Thursday, December 18, 2008

Me, I Want a Hula Hoop

I may have blogged about this before, so if it sounds familiar, sorry. I'm getting up in years and can't remember what I had for breakfast yesterday, let alone what I was thinking this time last year or the year before.

I have a fat collection of Christmas music on CDs, thanks in part to my being saddled some years ago with keeping seasonal music on the office intercom. The intercom at that particular time in the firm's history was a piece of work. If you didn't have music playing, the folks on hold could talk to each other while they waited. That wasn't a particularly good thing, since about half the folks that call are not happy campers due to having received a notice of delinquency from us. For most of the year, we kept your basic blah, elevator music going. But at Christmas, we all wanted to hear some mood music and you could press a button on your phone and get the intercom music at your desk, so I kept it loaded up with Christmas CDs and would swap it out every couple of days when the current crop was beginning to get old.

I have never claimed to have good taste. Sometimes my taste is pretty darned tacky. So, I admit here that I actually like The Chipmunk Song. I had a Christmas collection that included that song and my boss happened to call in and be put on hold while it was playing. He nearly had a stroke, because he absolutely despises the song. I considered torturing him with keeping it on there permanently, but I relented and that CD only gets played in my personal CD player a couple of times during December. I listened to it on the way to work this morning and decided part of its charm must be that The Chipmunks sound exactly like rat terriers would if they could sing. Including the owner hollering "ALVIN!", except in my case it would be "COCO!" since she's the one that would be wandering off, distracted by something at the window or tracking a bug across the room.

My all time favorite song is Greensleeves, which I know I've mentioned several times, and I get to listen to it a lot this time of year, since the tune was used for What Child is This?. I was poking through my Christmas CDs this morning for a new batch for the road and re-discovered an album of Christmas music on banjo that I had forgotten about. I told you, I have no taste, but it's really not that bad if you like banjo music and I do. Their version of Greensleeves was bouncy and I still absolutely loved it.

I must have 20-30 different versions of Greensleeves at this point, most of them instrumentals only, and have seriously considered ripping a CD of nothing but that piece, over and over, in every arrangement and genre. A couple of years back, somebody actually released a CD of nothing but different versions of Pachebel's Canon, another song I like very much but have no desire to listen to repetitively for an hour or more. Greensleeves, on the other hand, I don't think I would tire of.

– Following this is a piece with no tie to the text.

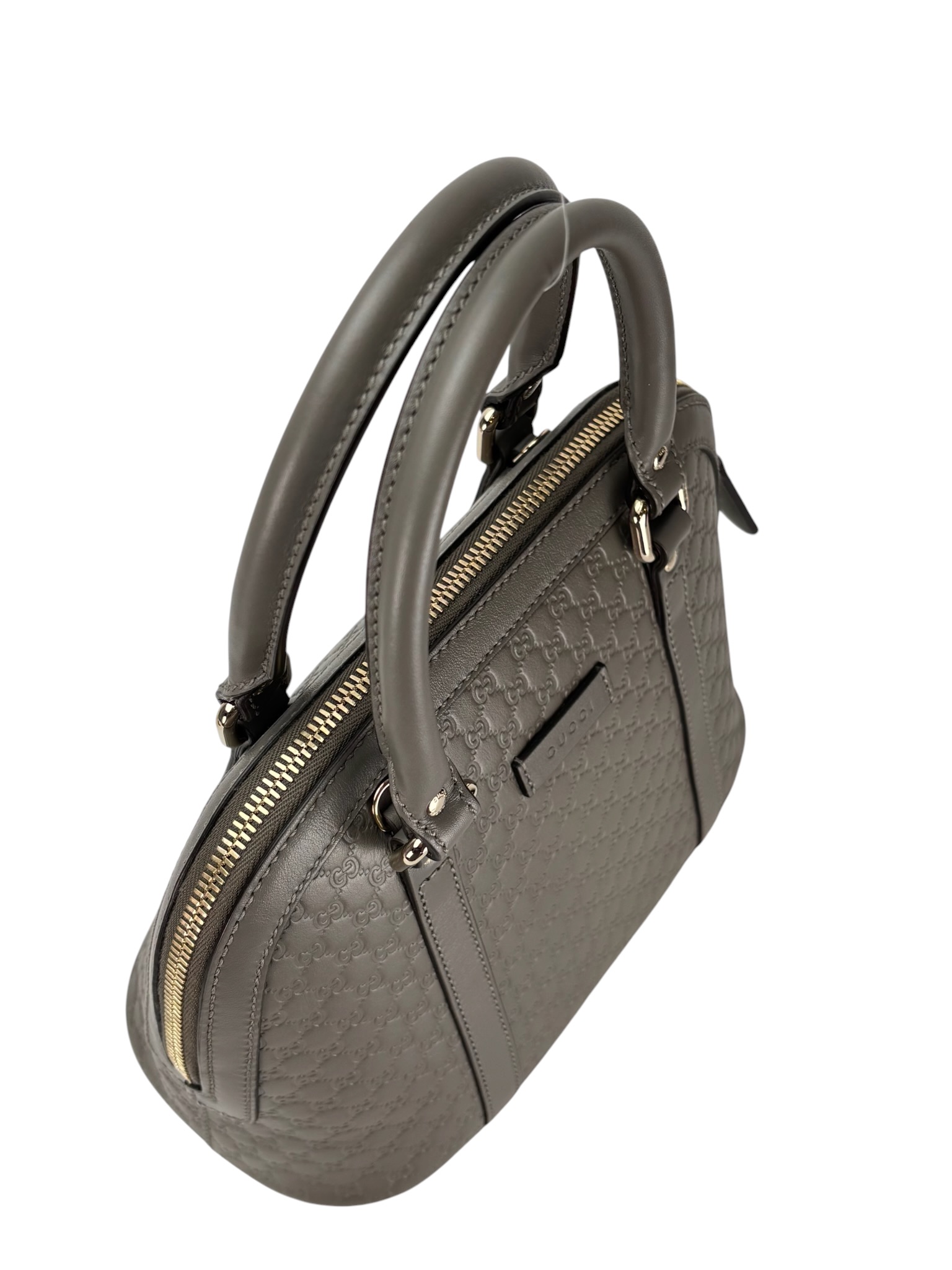 GUCCI - Grey Calfskin Mini Microguccissima Dome Bag – Camellia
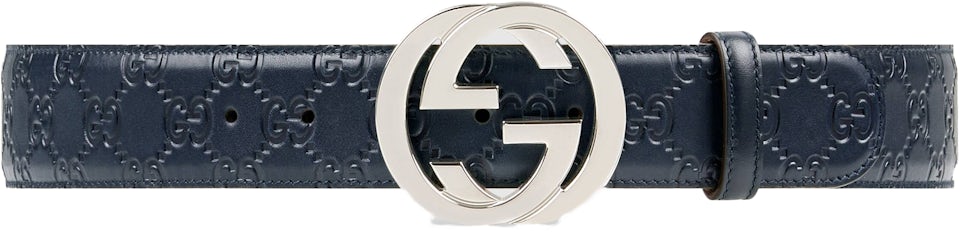 Gucci Sky Blue Leather Belt with Interlocking G Buckle for Men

In a total departure from the topic, have I mentioned how much I despise Christmas shopping? I once was an avid mall-rat, delighted to sniff out good deals and stay on my feet from dawn to dusk. Now I get hostile in direct proportion to the amount of crowd around me. I've been doing the scant Christmas shopping I felt I had to do this year in the small open-air malls of the little towns that circle Austin and refusing to go into Austin at all. Even the small towns are full of irritable folks who look daggers at you if you happen to be ahead of them when the good parking space opens up and you, rightfully so, take advantage of it. Nobody is going to yield right of way to anybody else. I thought I was going to witness a rumble the other day when a girl was standing in the middle of a prime parking space, holding it for somebody that was two rows over and refusing to move for the guy who had also seen the spot and had no one to hop out and go stand and hold it for him.

This is just the parking lots. The stores themselves should have bright yellow caution tape draped around them.

Remember when Christmas was something to look forward to? The only thing I'm looking forward to this year is the two weeks of vacation that happen to coincide with this madness. Me and the two Chipmunks that live with me plan to be as inert as possible. Let everybody else make themselves crazy. I have two bottles of amaretto, a good supply of Sprite to mix with it, a stack of unwatched DVDs and a knitting project, not to mention a GREAT big pile of new genealogy finds to sort and file, and a new dollhouse to piddle with.

But no hula hoop. Wonder if I could still keep one going?



RMG said...

If you try to hula-hoop, what would the doggies think? "She's really lost it now..."

LSW said...

They already think I've slipped my moorings. Probably wouldn't even bat an eye.